スーダンPKO 積極派遣へ「待ち」を改めよ(11月4日付・読売社説)
 自衛隊の国際平和協力活動について、国連や他国からの派遣要請を待つだけでなく、より積極的に参加する姿勢に転じる契機としたい。

 政府は、スーダンの首都ハルツームにある国連スーダン派遣団(UNMIS)司令部に陸上自衛隊員2人を派遣した。アフリカでの国連平和維持活動(PKO)への参加は、1993~95年のモザンビーク以来である。

 今年初めに検討を開始し、要員の出発まで9か月もかかった。アフリカでの任務は久々とはいえ、わずか2人を派遣するのに、時間を要しすぎたのではないか。

 国際平和協力活動は昨年1月、自衛隊の本来任務に格上げされている。もっと迅速な政策決定と実施が求められる。

 今回派遣された隊員の任務は、データベースの管理などだが、それだけにとどまることはない。

 スーダン南部に展開するUNMISや、他のアフリカでのPKOに将来、部隊を派遣することを視野に入れて、陸自に適した派遣先や任務がないか、積極的な情報収集にも努めてもらいたい。

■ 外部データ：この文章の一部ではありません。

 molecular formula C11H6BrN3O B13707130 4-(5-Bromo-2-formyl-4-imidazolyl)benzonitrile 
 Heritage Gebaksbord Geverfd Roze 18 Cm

 ハルツームの日本大使館には、陸自の防衛駐在官1人が新たに配置される。防衛省の情報本部も来年度、アフリカ担当の情報分析官の4人増員を目指している。

 主体的にPKOの候補地を探し、治安情勢や任務の内容など、条件の合致する派遣先を外交交渉で確保する。そうした能動的な姿勢で臨まなければ、「PKO途上国」を脱することはできない。

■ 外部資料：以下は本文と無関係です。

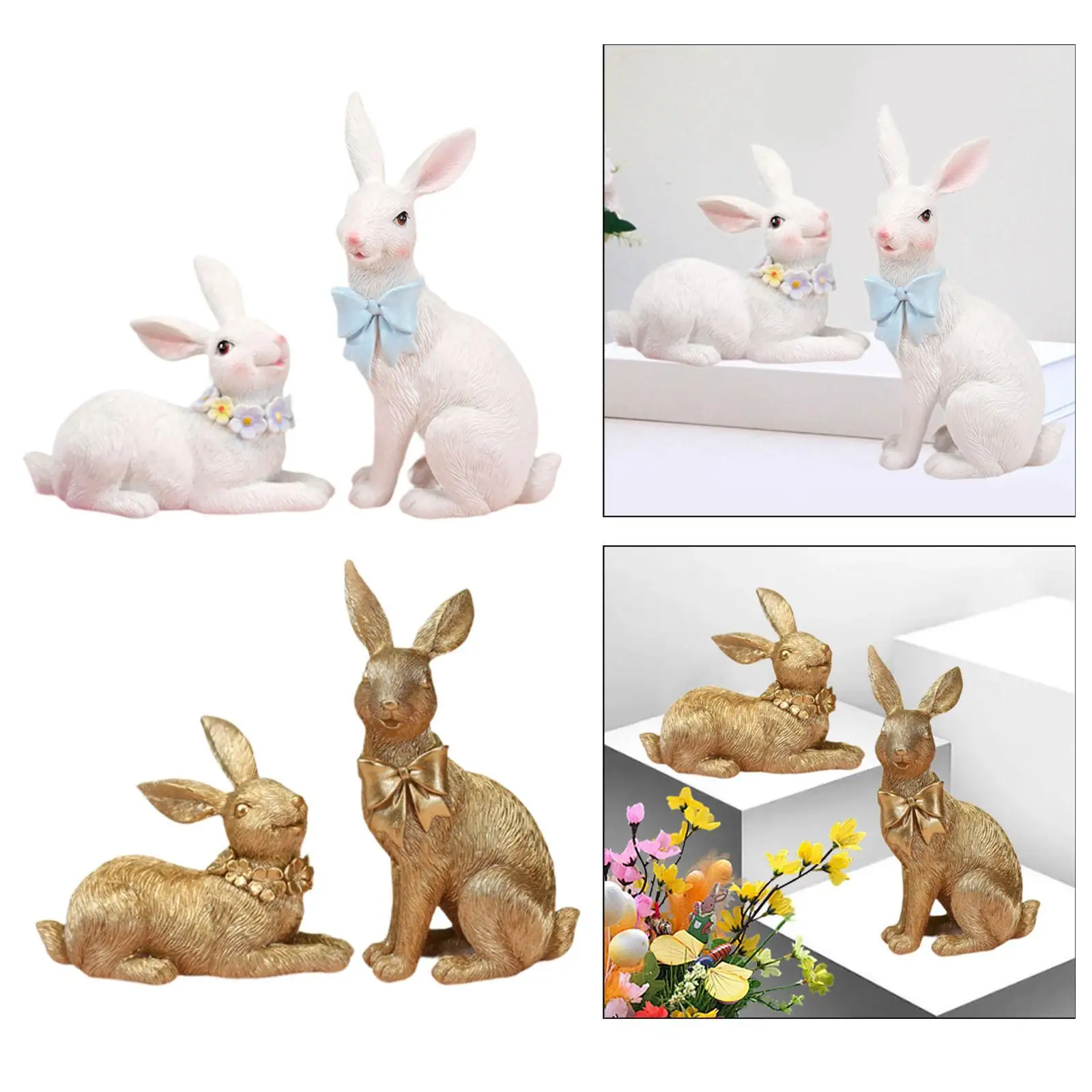 2 Pieces Rabbits Statue Garden Art Decoration Realistic Design Vivid Sculpture Garden Statue for Deck Home Patio Tree Festival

 今年9月末現在、日本のPKO派遣者数はわずか36人で、世界82位にとどまっている。日本の国際的発言力を高めるためにも、PKO参加の拡大は急務だ。

 現在、国連のPKOは16、政治・平和構築派遣団は12あるが、その半数はアフリカに集中している。日本は、遠いアフリカへの派遣に躊躇(ちゅうちょ)する傾向があったが、意識改革を図る必要がある。

 政府は来年、安全保障の基本方針などを定めた「防衛計画の大綱」を改定する予定だ。自衛隊の国際平和協力活動を強化する方向で、部隊編成や正面装備の導入計画を見直すことが重要だ。

 陸自の中央即応集団には、PKO派遣で先遣隊の役割などを担う700人規模の中央即応連隊や、国際活動教育隊が所属している。機能強化を検討すべきだ。

 国際活動に適した装甲機動車や輸送ヘリコプターの拡充や、航続距離の長い次期輸送機の早期導入も優先的に進めるべきだろう。